Publication information
- Publisher: Marvel Comics
- First appearance: The Incredible Hulk vol. 3 #92 (April 2006)
- Created by: Greg Pak Carlo Pagulayan

In-story information
- Alter ego: Hiroim the Oldstrong
- Species: Sakaaran Shadow People
- Place of origin: Sakaar
- Team affiliations: Warbound Shadow Guard
- Notable aliases: Hiroim the Shamed, Hiroim the Last Oldstrong
- Abilities: Oldstrong power. Shadow Warrior martial techniques, and strategic skills.

= Hiroim =

Hiroim is a fictional character appearing in American comic books published by Marvel Comics. The character is depicted usually as a supporting character in Hulk books.

==Publication history==
Hiroim first appeared in Incredible Hulk vol. 3 #92 (April 2006), and was created by writer Greg Pak and artist Carlo Pagulayan.

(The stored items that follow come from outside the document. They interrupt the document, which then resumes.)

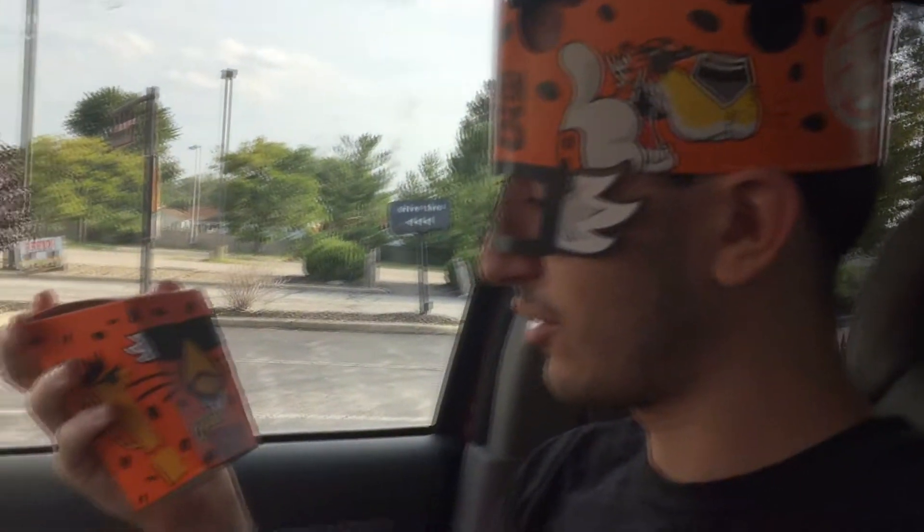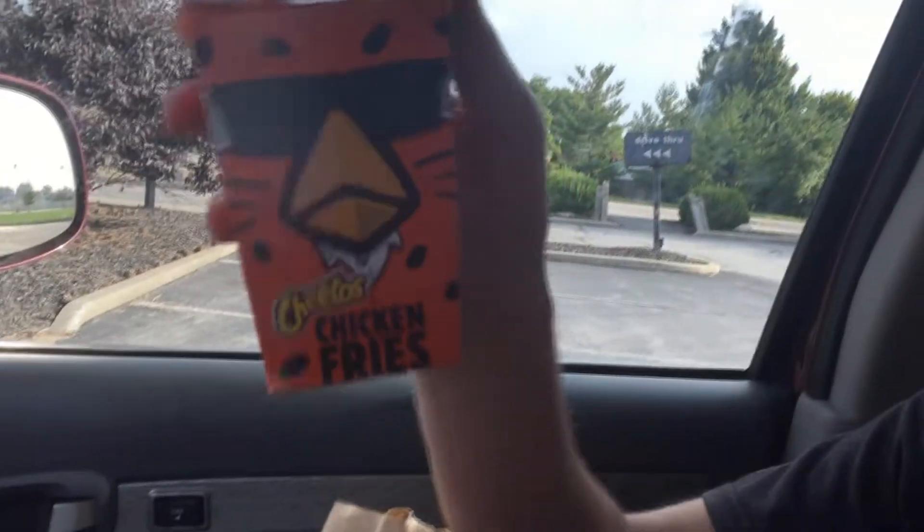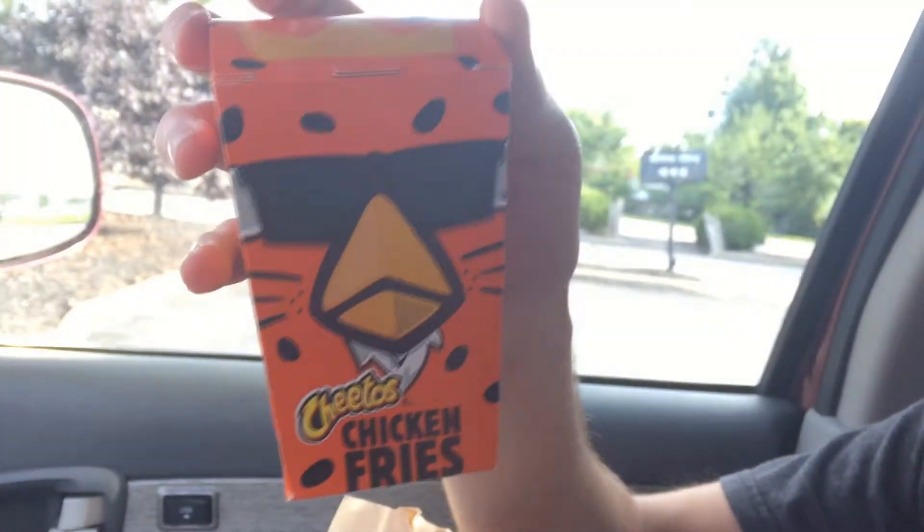All right guys, this is Matron Reviews, the first in the many series of videos. Today we're reviewing the chicken fries, the Cheetos chicken fries, from the Burger King.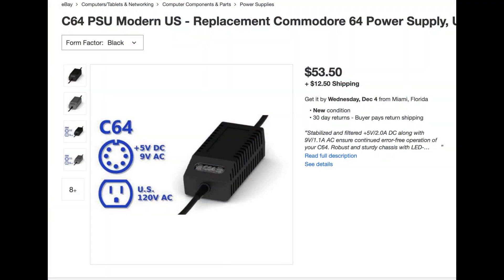I spent some time looking for new C64 power supplies online, and there is at least one person building them, but they cost a pretty good sum of money, usually $50 or more. Not wanting to invest that much in a computer I would only tinker with on rare occasion, I chose to explore repairing the power supply I had.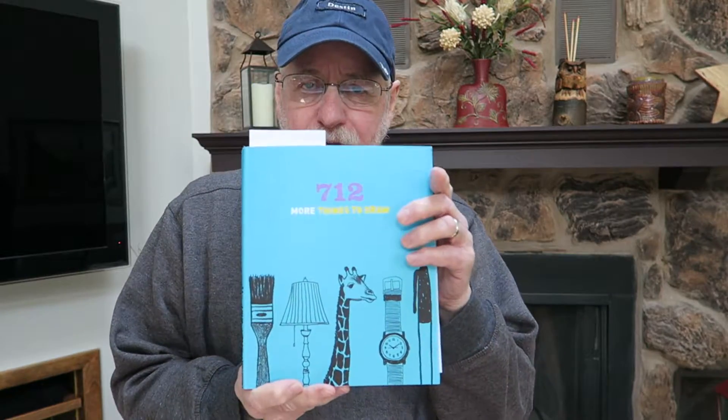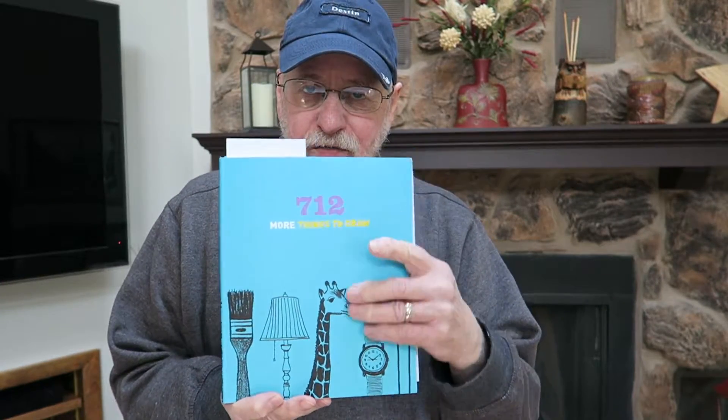Hi, how are you? I know I've talked about this subject once or twice before, but I wanted to give you a little update on this book, 712 Things to Draw.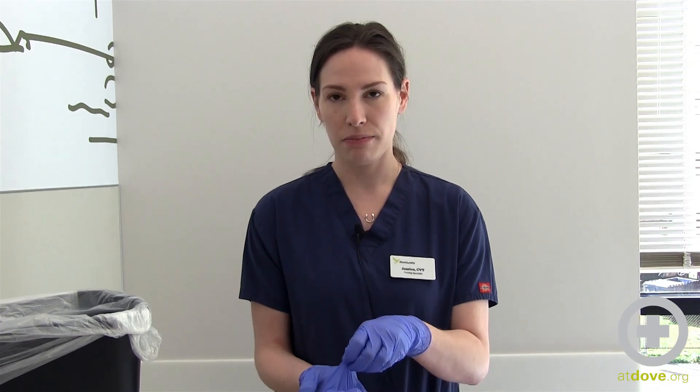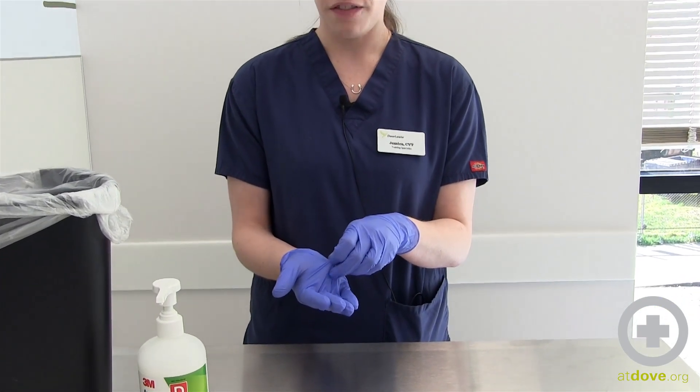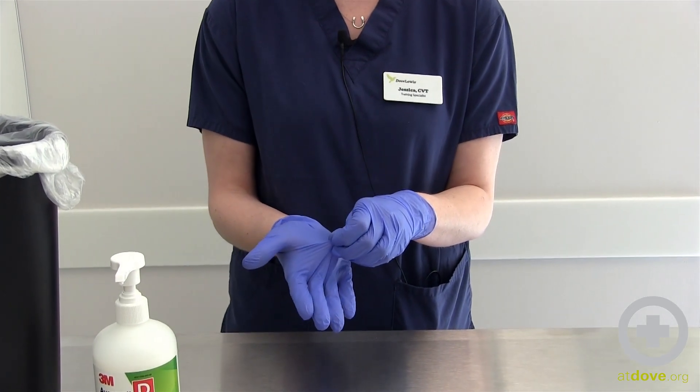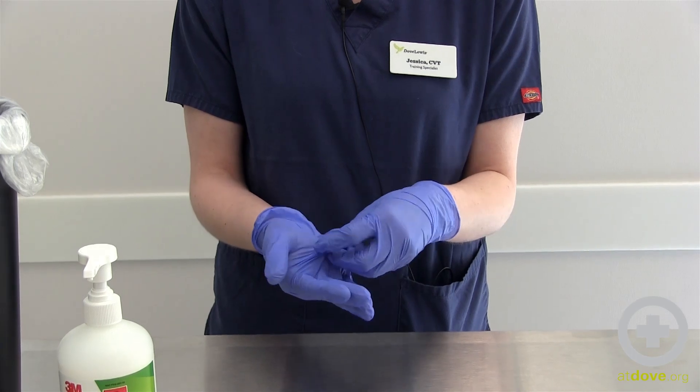First, you want to start by tenting your glove, pulling up in the center of your palm. Be careful not to pull too hard or too fast because you could rip your glove. If you do accidentally rip your glove or touch any contaminated area, make sure that you wash your hands immediately or use an alcohol-based hand sanitizer.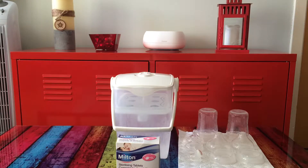Hello, today I would like to review the Milton Cold Water Sterilizer.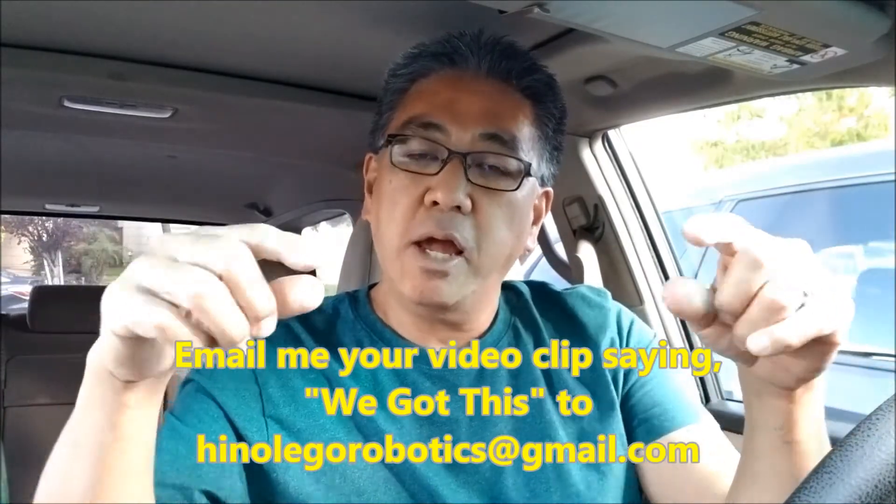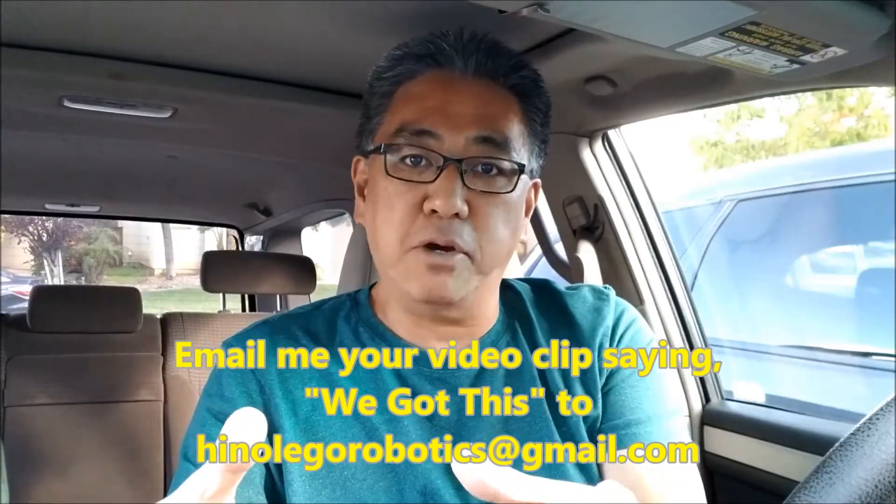So here's what I'd like you guys to do. Like you guys did before — those of you that helped me out — just film yourself saying 'we got this,' and then send me an email to HinaLegoRobotics at gmail.com. I'll put that at the end of my video, just for the time being, however long this is going to last. Just so that people watching my videos will feel encouraged at the end — yeah, you know what, together we do have this. So one more time, film yourself. It just takes two seconds: 'We got this.' Cut the recording and send me that video clip to HinaLegoRobotics at gmail.com, and I will take all of your clips and put those at the end of my video for the time being.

==Fictional character biography==
Originally, Hiroim was a Shadow Priest, dedicated to the story of the Sakaarson — who would unite the people of Sakaar — and trained to join the other Shadows. However, for believing that he could be the Sakaarson, he was expelled from the order. He was chosen to be the personal guard of the Red King and uphold an alliance between the Shadows and the Empire. He broke this vow when the Emperor ordered Hiroim to kill his adolescent son, due to the belief that he would bring ruin and devastation to Sakaar. For breaking that oath, he ended up in the Empire's gladiator training school, the Maw, where he fought alongside such other warriors as Miek, No-Name the Brood, Korg, and the Hulk. After two victories in the arena, Hiroim formed a Warbound pact with them, vowing that they would always stand together. Having been freed from their obedience disks by the Silver Surfer, the Warbound went on to vanquish the Red King, Hiroim concluding that the Hulk was the true Sakaarson. Following Caiera's death, Hiroim inherits her ability to manipulate the Oldpower.

After the Hulk's shuttle explodes and destroys Sakaar, Hiroim absorbs the powers of the Sakaar Shadow Priests and accompanies the Hulk to Earth to wage war against the Illuminati, who sent him to Sakaar. During the subsequent conflict with Earth's heroes, Hiroim is defeated by Doctor Strange and loses his left arm.

Following the revelation that Miek had allowed the destruction of Sakaar, the remaining Warbound surrender to S.H.I.E.L.D. custody. They escape during tremors caused by Hulk devastating Manhattan. Channeling the rock-based powers of Korg and the Thing, Hiroim heals the damage before he and the others escape.

In World War Hulk Aftersmash: Warbound, Hiroim and the Warbound confront S.H.I.E.L.D. agents while guarding Elloe Kaifi. The Leader uses Hiroim's powers to create a gamma radiation dome, with Hiroim sacrificing himself to stop him. Hiroim is temporarily resurrected in the storyline Chaos War, where he is revealed to have been in a relationship with Korg.

==Power and abilities==
Like all the Shadow People, Hiroim possesses enhanced physical abilities and a slowed aging process. As a Shadow Priest, he can transform into mystic rock using the Oldpower.

==In other media==
- Hiriom appears in Planet Hulk (2010), voiced by Liam O'Brien.
- Hiroim appears in the Hulk and the Agents of S.M.A.S.H. episode "Planet Leader", voiced by Fred Tatasciore.